> WHAT THE EXERCISE ASKS
Restate word for word all of the lines below, with each image left out.

> DATASET EXTRACT
^^^^^^^^^^^^^^^^
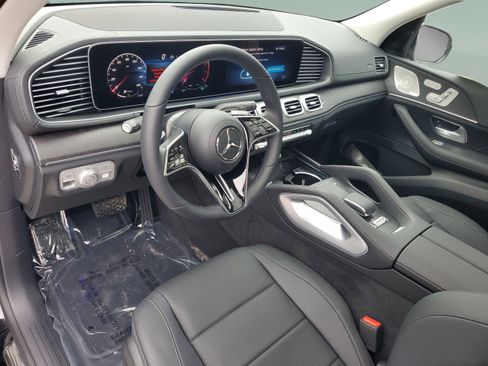 Certified 2026 Mercedes-Benz GLS 450 4MATIC image 24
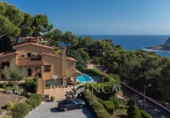Chalet independiente con terreno en venta en la España, Calella de Palafrugell, ref: TR140378 foto
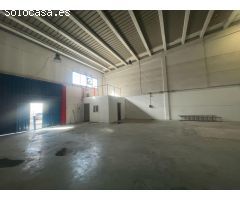 Nave industrial en Venta en Los Sevillanos, Sevilla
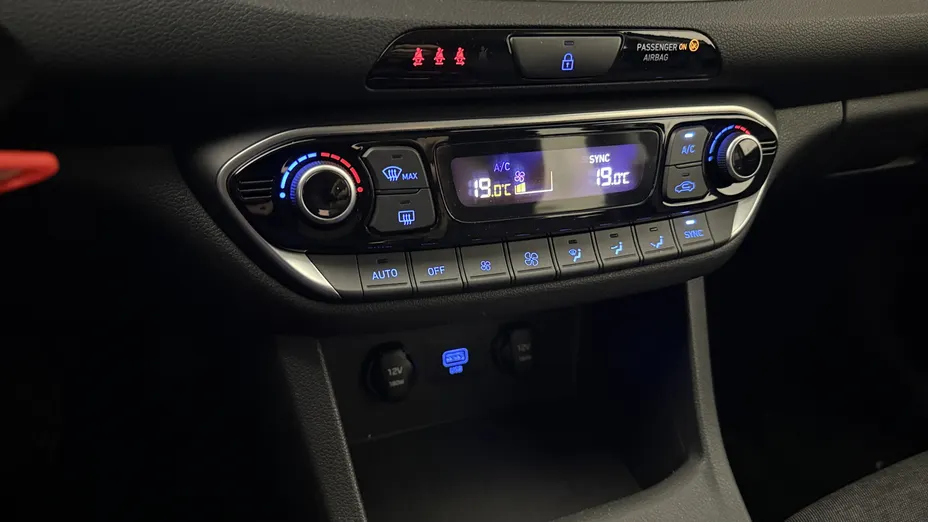 HYUNDAI i30 i30 1.5 T-GDI 48V Smart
^^^^^^^^^^^^^^^^
> REPLY TO THE EXERCISE
 Certified 2026 Mercedes-Benz GLS 450 4MATIC image 24
Chalet independiente con terreno en venta en la España, Calella de Palafrugell, ref: TR140378 foto
 Nave industrial en Venta en Los Sevillanos, Sevilla
 HYUNDAI i30 i30 1.5 T-GDI 48V Smart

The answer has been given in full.